From mboxrd@z Thu Jan  1 00:00:00 1970
Subject: Query re:  mempolicy for page cache pages
From: Lee Schermerhorn <Lee.Schermerhorn@hp.com>
Content-Type: text/plain
Date: Thu, 18 May 2006 13:49:59 -0400
Message-Id: <1147974599.5195.96.camel@localhost.localdomain>
Mime-Version: 1.0
Content-Transfer-Encoding: 7bit
Sender: owner-linux-mm@kvack.org
Return-Path: <owner-linux-mm@kvack.org>
To: linux-mm <linux-mm@kvack.org>
Cc: Christoph Lameter <clameter@sgi.com>, Andi Kleen <ak@suse.de>, Steve Longerbeam <stevel@mvista.com>, Andrew Morton <akpm@osdl.org>
List-ID: <linux-mm.kvack.org>

Below I've included an overview of a patch set that I've been working
on.  I submitted a previous version [then called Page Cache Policy] back
~20Apr.  I started working on this because Christoph seemed to consider
this a prerequisite for considering migrate-on-fault/lazy-migration/...
Since the previous post, I have addressed comments [from Christoph] and
kept the series up to date with the -mm tree.  

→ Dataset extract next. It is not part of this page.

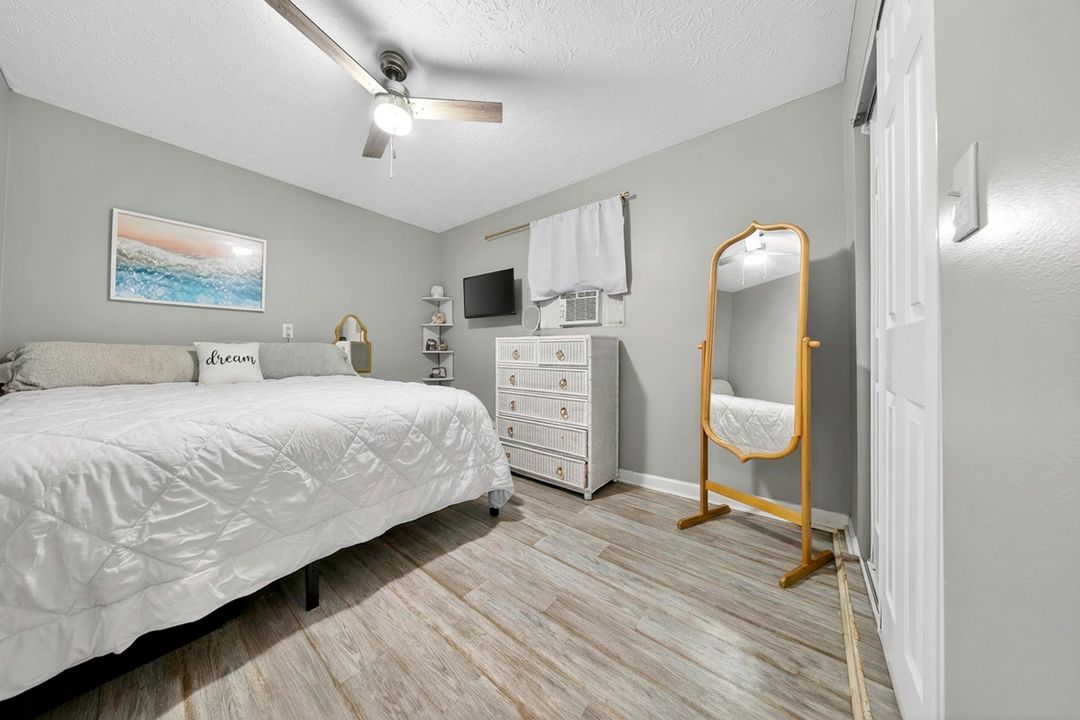 En Venta: $425,000 (4 camas, 30 baños, 1900 Pies cuadrados)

Just today, I was cleaning up some really old patches on my system and
came across a patch from Steve Longerbeam that passes a page index to
page_cache_alloc_cold()--exactly what my patch series does.  I took a
look back through the -mm archives [Yeah, I should have done this
earlier :-(] and found that back in Oct'04, Steve had posted a patch
[set] that takes essentially the same approach to solve the same
"problem".  

Since Steve's patches never made it into the kernel and don't exist in
the -mm tree either, I'm wondering why they were dropped.  I.e., is
there some fundamental objection to applying shared policy to memory
mapped files and using this policy for page cache allocations?  Rather
than bomb the mailing list with yet another set of dead-end patches, I'm
sending out just this overview, with the following questions:

1) What ever happened to Steve's patch set?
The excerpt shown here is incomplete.